Monday, January 12, 2009

12/1/09

I am a fucking fatass and I hate myself.

I don't know what's wrong with me. I feel like I've barely been doing anything recently. Seriously, what do I waste my time on? I revise but I don't get smarter. I allow myself to eat anything I want with barely a second thought. I feel shitty. Seriously!?

I don't think I've been putting things into perspective. Recently, life seems like a blur, and my time just gets wasted on little inconsequential things like...MY COMPUTER.

I promise myself tomorrow will be a 'new start' but it's not. Before I was feeling a little svelter, but now I'm just back to being sort of blobby. My muscles don't feel strong. I feel unhealthy. The food I eat is fat peoples' food. Like cookies. Ugh.

Maybe I should start posting more often. It'll motivate me more. Just recently I haven't been feeling the motivation for...anything.

I disgust myself beyond belief.

Not to mention that I've been purging after dinner. Which, I know is bad, but I'm prone to it and I can't think of another way to stop eating in front of my family. And I'm getting addicted to it. It makes me feel so empty, but it also makes me hypersensitive to what I eat. Everything I eat seems so wrong. I know you need to eat to function, but still...every bite I take makes me feel like a failure.

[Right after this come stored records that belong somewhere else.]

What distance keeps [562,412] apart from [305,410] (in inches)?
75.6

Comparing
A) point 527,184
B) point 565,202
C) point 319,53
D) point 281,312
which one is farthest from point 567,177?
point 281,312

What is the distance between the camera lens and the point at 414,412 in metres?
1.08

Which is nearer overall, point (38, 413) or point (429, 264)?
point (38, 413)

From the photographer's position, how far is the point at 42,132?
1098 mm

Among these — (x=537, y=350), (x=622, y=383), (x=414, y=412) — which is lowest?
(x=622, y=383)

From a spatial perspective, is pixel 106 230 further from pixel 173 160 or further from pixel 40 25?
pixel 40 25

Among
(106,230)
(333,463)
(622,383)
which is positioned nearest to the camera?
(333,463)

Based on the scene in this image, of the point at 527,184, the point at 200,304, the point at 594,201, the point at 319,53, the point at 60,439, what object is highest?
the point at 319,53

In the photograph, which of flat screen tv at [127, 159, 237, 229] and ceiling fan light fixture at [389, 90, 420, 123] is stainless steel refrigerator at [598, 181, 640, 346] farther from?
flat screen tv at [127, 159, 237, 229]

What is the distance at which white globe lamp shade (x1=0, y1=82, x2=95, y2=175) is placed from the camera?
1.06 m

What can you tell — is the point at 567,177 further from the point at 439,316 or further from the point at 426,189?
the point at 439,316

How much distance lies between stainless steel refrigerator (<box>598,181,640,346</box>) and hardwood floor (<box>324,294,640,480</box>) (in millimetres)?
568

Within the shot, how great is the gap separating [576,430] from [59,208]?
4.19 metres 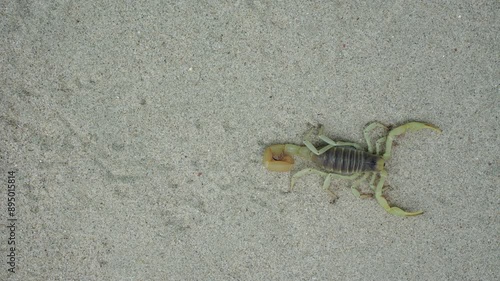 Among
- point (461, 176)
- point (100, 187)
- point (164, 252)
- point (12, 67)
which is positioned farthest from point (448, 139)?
point (12, 67)

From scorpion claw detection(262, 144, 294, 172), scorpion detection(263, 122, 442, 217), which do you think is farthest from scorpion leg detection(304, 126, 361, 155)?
scorpion claw detection(262, 144, 294, 172)

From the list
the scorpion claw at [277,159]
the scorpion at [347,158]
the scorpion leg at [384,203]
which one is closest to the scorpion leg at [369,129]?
the scorpion at [347,158]

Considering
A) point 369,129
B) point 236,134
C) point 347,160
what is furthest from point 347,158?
point 236,134

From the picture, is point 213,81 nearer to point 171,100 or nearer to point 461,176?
point 171,100

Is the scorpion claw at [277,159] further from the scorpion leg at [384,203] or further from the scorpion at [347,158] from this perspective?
the scorpion leg at [384,203]

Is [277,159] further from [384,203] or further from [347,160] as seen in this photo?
[384,203]

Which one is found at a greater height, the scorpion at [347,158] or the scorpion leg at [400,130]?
the scorpion leg at [400,130] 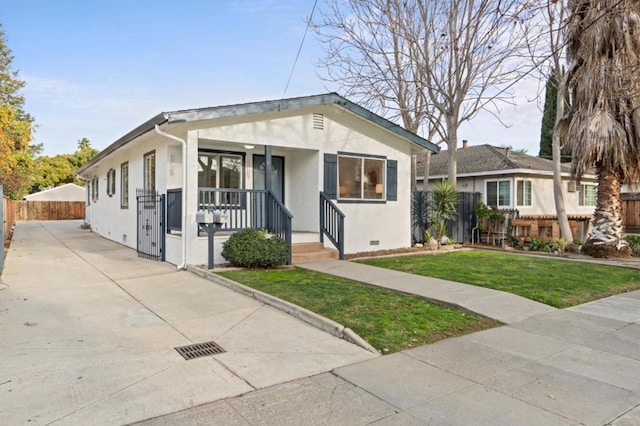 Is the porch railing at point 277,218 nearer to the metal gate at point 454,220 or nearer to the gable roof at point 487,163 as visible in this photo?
the metal gate at point 454,220

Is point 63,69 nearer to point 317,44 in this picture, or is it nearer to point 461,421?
point 317,44

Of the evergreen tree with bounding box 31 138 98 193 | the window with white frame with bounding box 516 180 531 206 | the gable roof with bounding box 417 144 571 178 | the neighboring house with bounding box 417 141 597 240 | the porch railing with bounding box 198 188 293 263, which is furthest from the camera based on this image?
the evergreen tree with bounding box 31 138 98 193

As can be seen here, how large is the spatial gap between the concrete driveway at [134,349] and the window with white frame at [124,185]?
240 inches

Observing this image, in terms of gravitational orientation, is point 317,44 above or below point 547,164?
above

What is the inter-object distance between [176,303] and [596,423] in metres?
5.16

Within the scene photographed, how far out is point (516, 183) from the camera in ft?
59.1

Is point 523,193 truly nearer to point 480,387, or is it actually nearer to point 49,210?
point 480,387

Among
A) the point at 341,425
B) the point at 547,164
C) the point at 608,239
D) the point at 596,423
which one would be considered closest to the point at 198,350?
the point at 341,425

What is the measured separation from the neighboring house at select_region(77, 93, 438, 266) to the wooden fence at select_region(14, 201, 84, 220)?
1072 inches

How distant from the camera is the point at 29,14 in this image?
11.7 meters

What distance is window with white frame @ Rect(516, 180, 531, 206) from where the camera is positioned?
18.1 metres

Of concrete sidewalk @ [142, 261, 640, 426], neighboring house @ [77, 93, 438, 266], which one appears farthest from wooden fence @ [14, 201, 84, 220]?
concrete sidewalk @ [142, 261, 640, 426]

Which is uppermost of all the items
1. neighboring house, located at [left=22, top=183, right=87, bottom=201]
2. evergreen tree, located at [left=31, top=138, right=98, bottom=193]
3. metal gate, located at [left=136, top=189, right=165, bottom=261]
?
evergreen tree, located at [left=31, top=138, right=98, bottom=193]

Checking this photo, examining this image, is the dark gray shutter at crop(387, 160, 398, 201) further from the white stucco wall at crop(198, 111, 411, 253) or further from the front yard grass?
the front yard grass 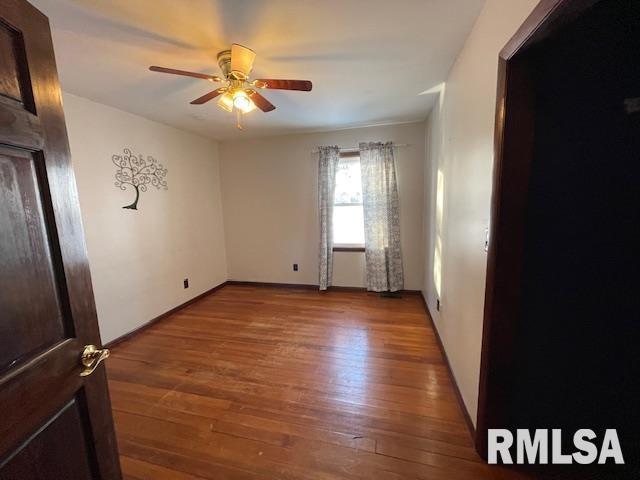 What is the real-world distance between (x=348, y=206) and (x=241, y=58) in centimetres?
250

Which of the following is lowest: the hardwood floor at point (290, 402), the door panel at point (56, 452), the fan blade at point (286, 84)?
the hardwood floor at point (290, 402)

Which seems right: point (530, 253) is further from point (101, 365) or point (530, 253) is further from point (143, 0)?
point (143, 0)

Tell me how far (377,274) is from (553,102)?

I'm going to try staying after school with my friend for a few hours to revise. Straight revision, no computer. And bring a sandwich as my dinner. I'm going to try that tomorrow and see how it goes. And then maybe I'll get into the theme of things again.

3 comments:

SophiaRuins said...

aw, its okay hun, we all have our down days.

sometimes, things seem harder than they are and it feels like were not getting anywhere

but just remember that everyday is one step closer to where you want to be.

monica said...

oh sweetie, i'm sorry to hear that you're feeling bad. don't be too hard on yourself, though, it'll get better!

Anonymous said...

"Everything I eat seems so wrong. I know you need to eat to function, but still...every bite I take makes me feel like a failure."

HMM -- is it maybe possible that the problem, then, isn't the eating itself, but the way you feel about eating?